Na biografia de Aracy Côrtes – Linda Flor, publicada em 1984 pela Funarte, o autor Roberto Ruiz conta como ela ganhou seu nome artístico. Em um tarde, na redação do jornal A Noite, estavam conversando Mário Magalhães, crítico teatral do jornal, e Otávio Viana, o China, irmão de Pixinguinha. Eles estavam decidindo o repertório de uma série de apresentações dos Oito Batutas. Como havia somente homens no grupo, eles pensaram em inserir uma figura feminina, alguém que interagisse bem com o conjunto. China, que era compadre da mãe de Zilda, lembrou logo da garota que, desde pequena, acompanhava a ele e aos irmãos nas rodas de choro. Ele disse que a menina era boa mesmo! Porém, Mário Magalhães não gostou do nome Zilda para uma artista. Depois de pensarem bem, e citarem vários nomes, chegaram conclusão de que Aracy era um nome bem brasileiro. Mas Aracy de quê? A essa altura, outras pessoas se juntavam à conversa, como o secretário do jornal, Silva Ramos. Era preciso encontrar um sobrenome eufônico, que combinasse com o prenome. Eis que, nesse momento, entrou esbaforido, trazendo uma notícia urgente, um repórter policial da casa, conhecido por Côrtes. Mário Magalhães deu um pulo da cadeira, saudando o colega de jornal, que não entendera patavina do que estava acontecendo. Silva Ramos caiu na gargalhada e Mário se voltou para China com o novo nome da artista: Aracy Côrtes.

Porém, antes dela, já existia uma Aracy Côrtes. Que não era artista, mas professora.

5

Sobre Aracy Côrtes, a professora, encontramos algumas informações desde 1905, quando fazia seus exames finais de instrução primária através da Escola Modelo Benjamin Constant.
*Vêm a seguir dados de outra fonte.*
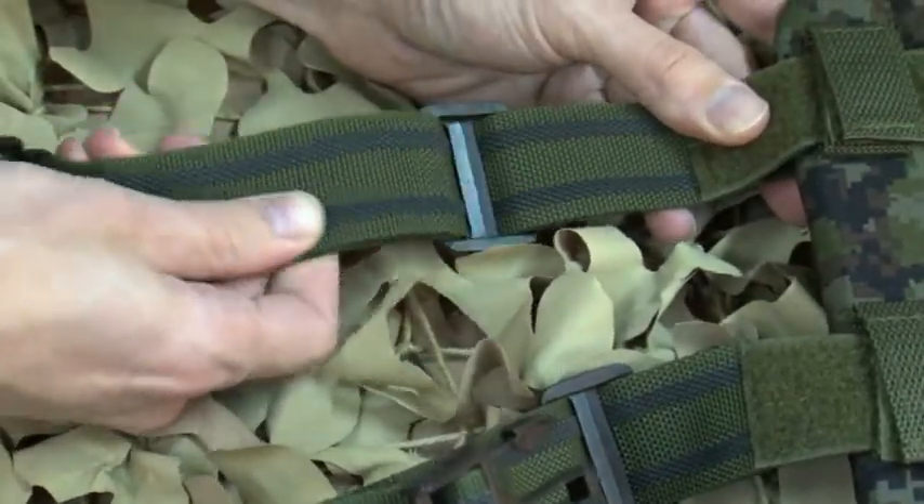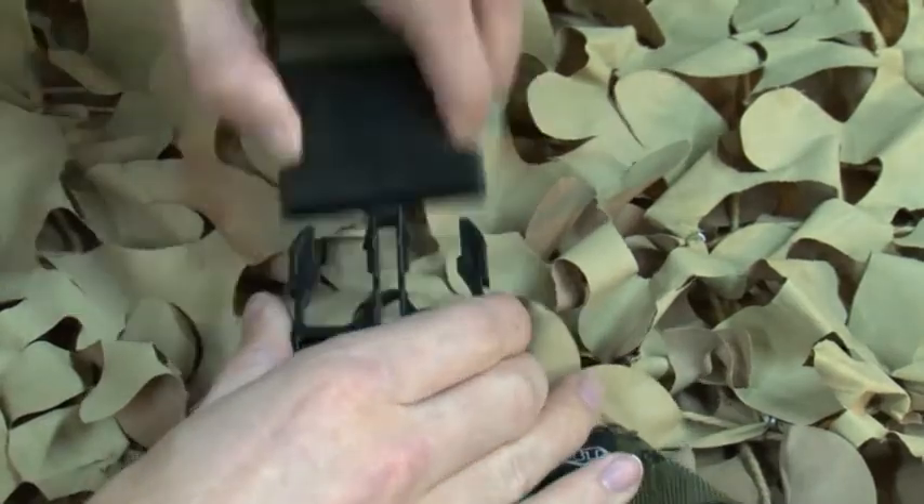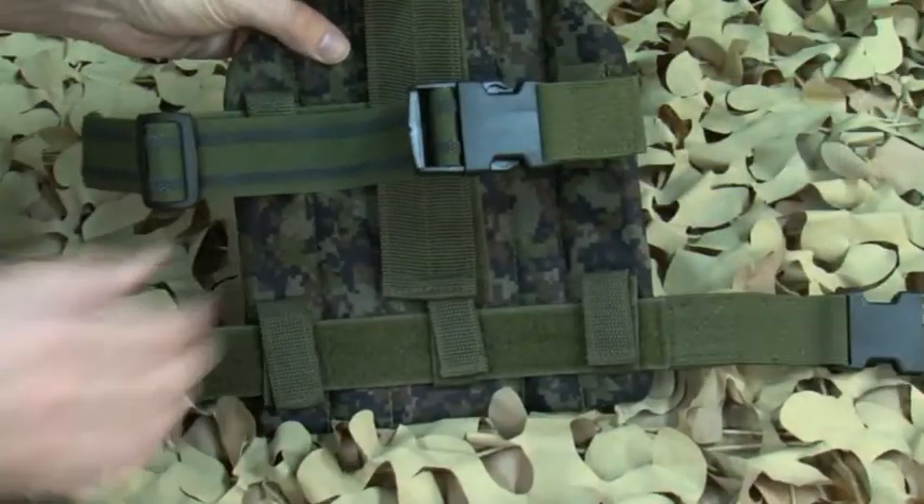Adjustable leg straps with rubberized grips, quick release buckles that strap to the belt and legs that increase stability.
Estagiou no ensino público, sendo efetivada em 1912. Fez seus estudos com distinção e ensinou em várias instituições, sendo uma professora conhecida e respeitada nas décadas de 1910 e 1920.

Grupo de alunos da professora Aracy Côrtes.
O Malho 1912.
http://memoria.bn.br

Já idosa, Aracy Côrtes, a artista, relembraria a coincidência: “… quem me arranjou esse nome foi o Mário Magalhães, de A Noite e eu não queria pseudônimo. Só Zilda estava bom; ficava mais cartaz. De repente, me aparece esse Aracy Côrtes que eu nem sabia quem era. Resultou que era uma inimiga pavorosa, uma professora que achou que eu tinha feito de propósito para achincalhá-la. Mas por quê? A arte é uma missão divina. Enquanto às vezes meu lar está de luto, o de vocês está alegre por causa da minha pessoa. De qualquer maneira pegou e ficou Aracy Côrtes”.

Zilda Côrtes ao lado dos Oito Batutas em Na casa da Chica do Velho Fluminense 22 outubro 1921

Zilda Côrtes ao lado dos Oito Batutas.
A Noite, 10 de outubro de 1921, p.5.
http://memoria.bn.br

Aliás, seria como Zilda Côrtes que ela faria sua estreia no teatro, em 15 de outubro de 1921 na burleta Na casa da Chica do Velho, onde interpretava Chica. O resto do elenco era interpretado pelos integrantes dos Oito Batutas e outros artistas: Mané Piqueno (Galleguinho), Octavio Vianna (Bolacha), José de Lima (Juca Ficha), Ernesto dos Santos (Porfirio Grosso), João Thomaz (Pinga-Fogo), Alfredo Santos (Pé Leve), Nelson Alves (Cambucá), Sizenando de Oliveira (Pendenga), José Monteiro (Boa Vida).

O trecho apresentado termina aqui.